> _PROBLEM DETAILS_
Could you copy exactly the lines from the start of the records through the one containing "VÍCIO EM TECNOLOGIA: Sintomas, Consequências", both included, and leave out the pictures?

> _DATA PROVIDED_
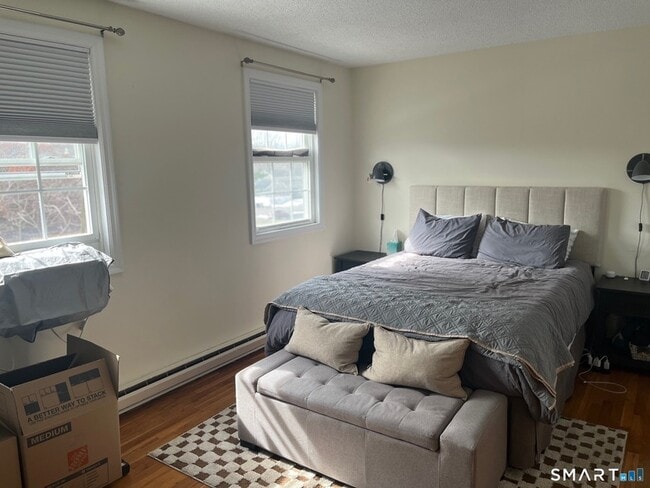 Building Photo - 1283 Hope St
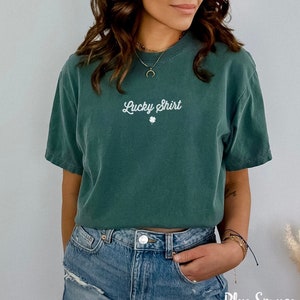 St. Patrick's Day Comfort Colors Vintage Wash Lucky Shirt, Retro Shamrock Cute Tshirt Trendy St. Paddy's Day Minimalist Lucky Shirt to 4XL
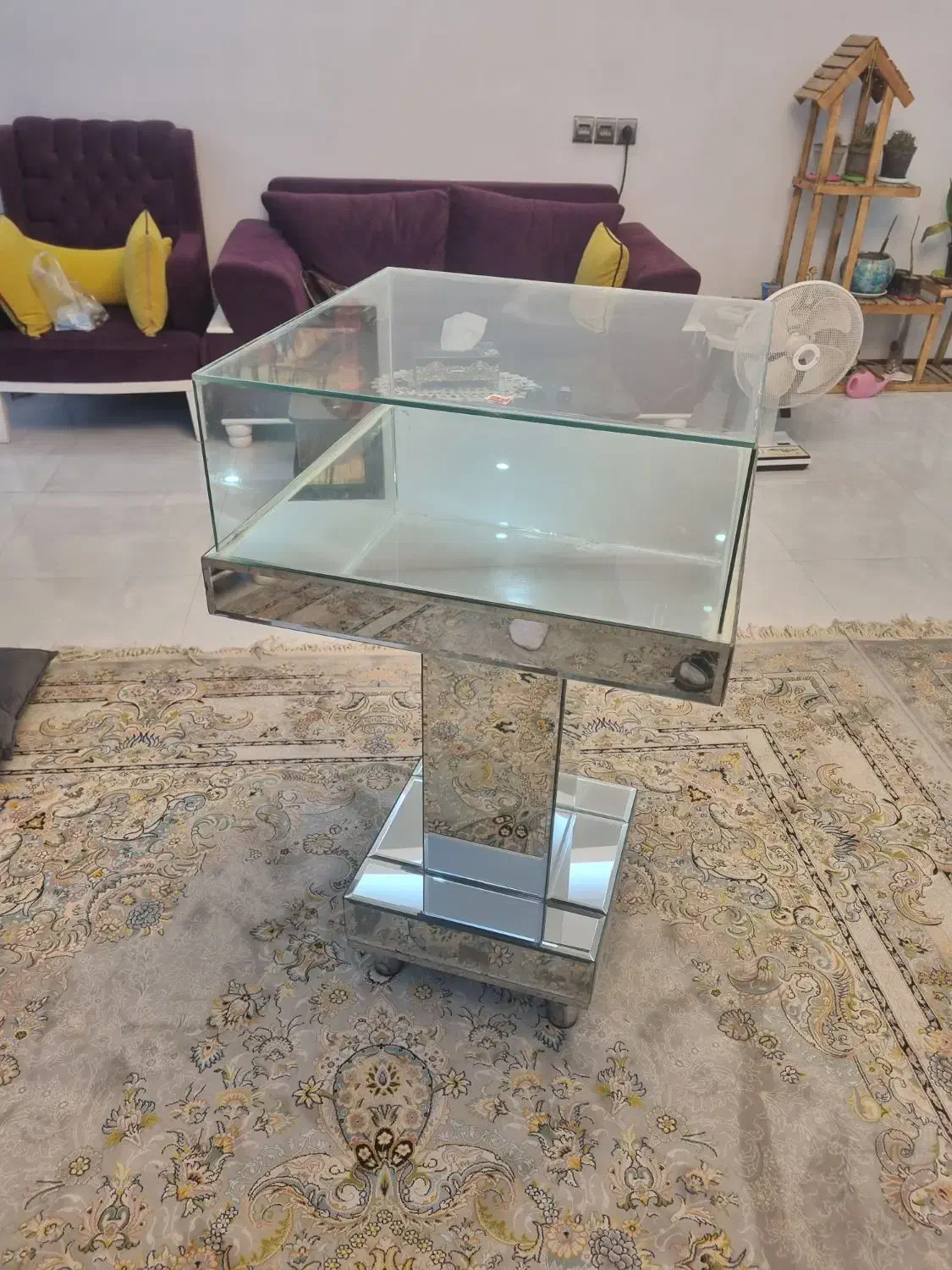 میز ویترینی تمام آینه|مبلمان خانگی و میز عسلی|بجنورد, |دیوار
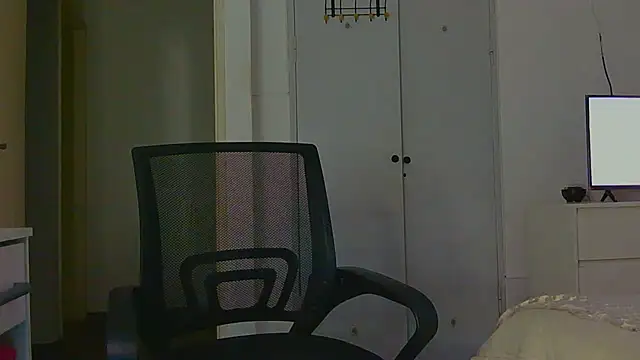 petitebelu online show from 07-28-26, 08:52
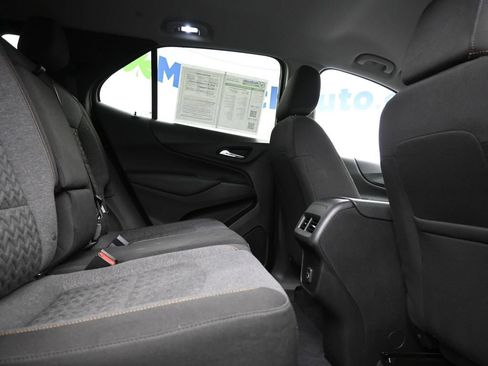 Used 2022 Chevrolet Equinox LT image 9
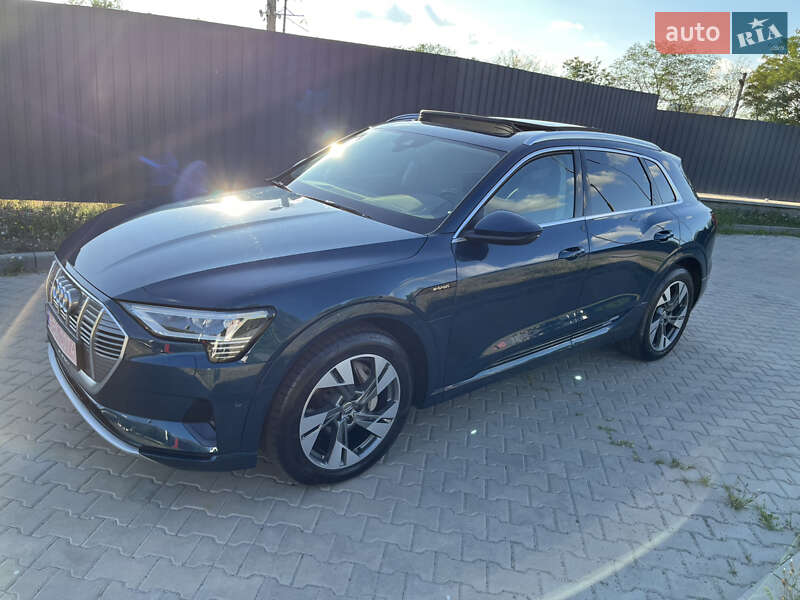Внедорожник / Кроссовер Audi e-tron 2020 в Днепре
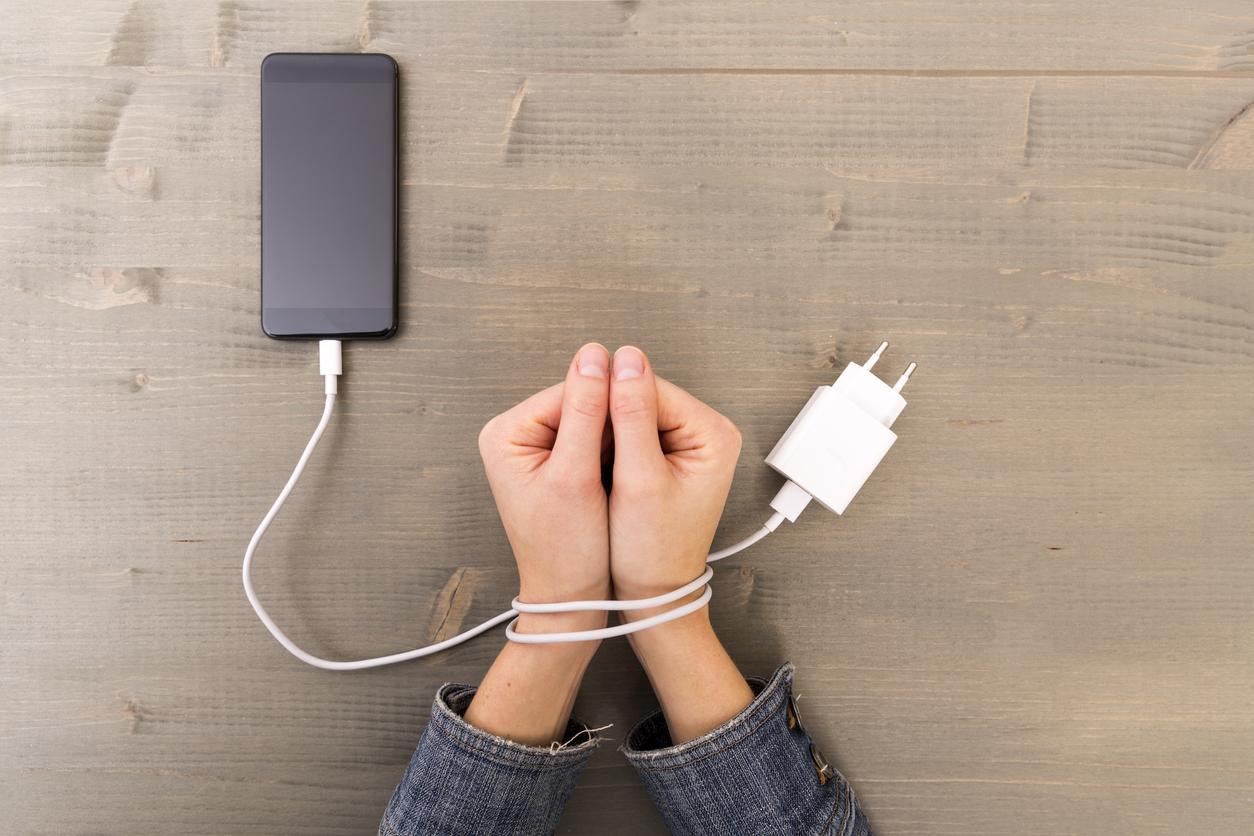 VÍCIO EM TECNOLOGIA: Sintomas, Consequências e Tratamento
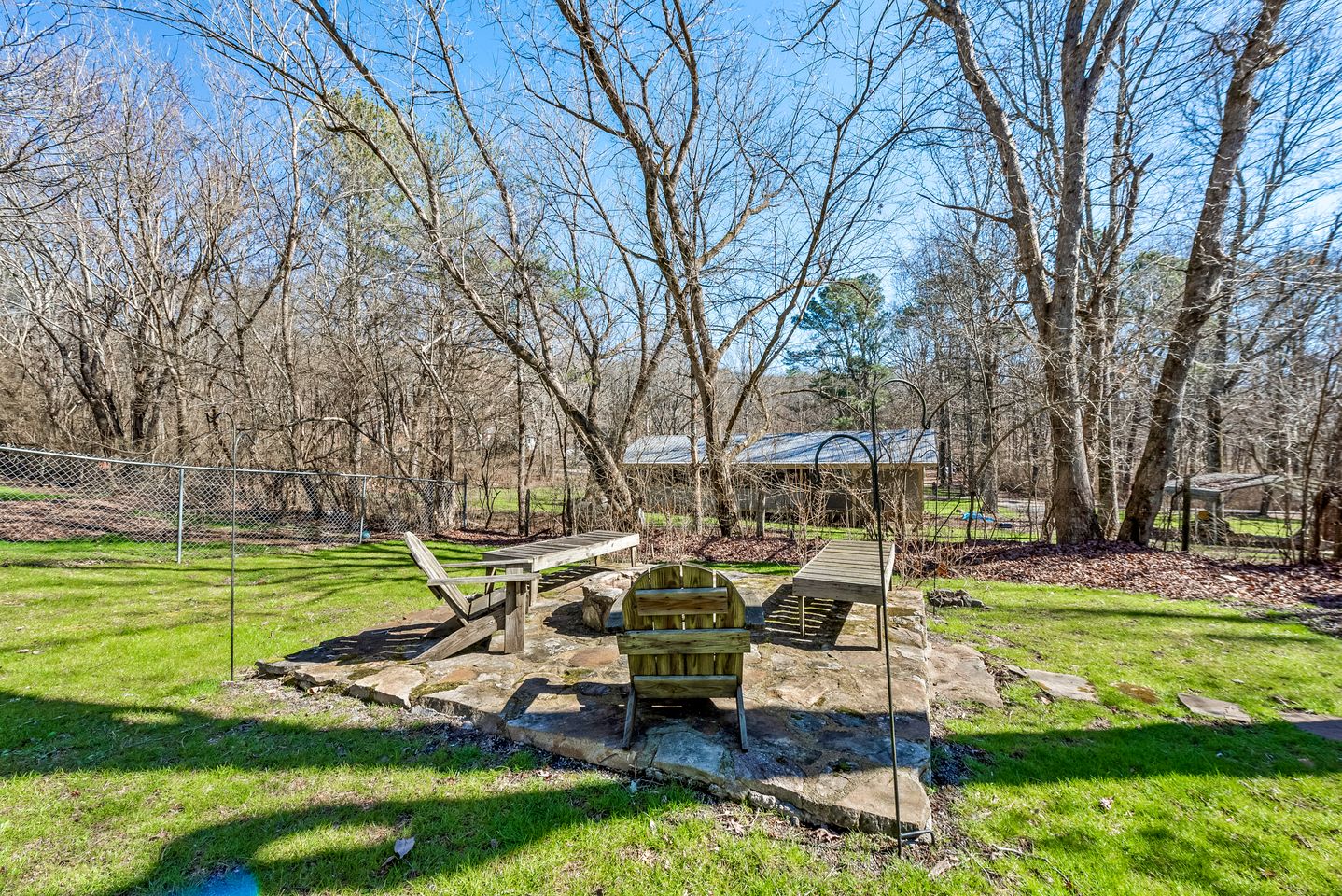 Adorable Cottage with Fire Pit, Yard and Jacuzzi in Mentone, Alabama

> _ANSWER SECTION_
 Building Photo - 1283 Hope St
 St. Patrick's Day Comfort Colors Vintage Wash Lucky Shirt, Retro Shamrock Cute Tshirt Trendy St. Paddy's Day Minimalist Lucky Shirt to 4XL
 میز ویترینی تمام آینه|مبلمان خانگی و میز عسلی|بجنورد, |دیوار
 petitebelu online show from 07-28-26, 08:52
 Used 2022 Chevrolet Equinox LT image 9
Внедорожник / Кроссовер Audi e-tron 2020 в Днепре
 VÍCIO EM TECNOLOGIA: Sintomas, Consequências e Tratamento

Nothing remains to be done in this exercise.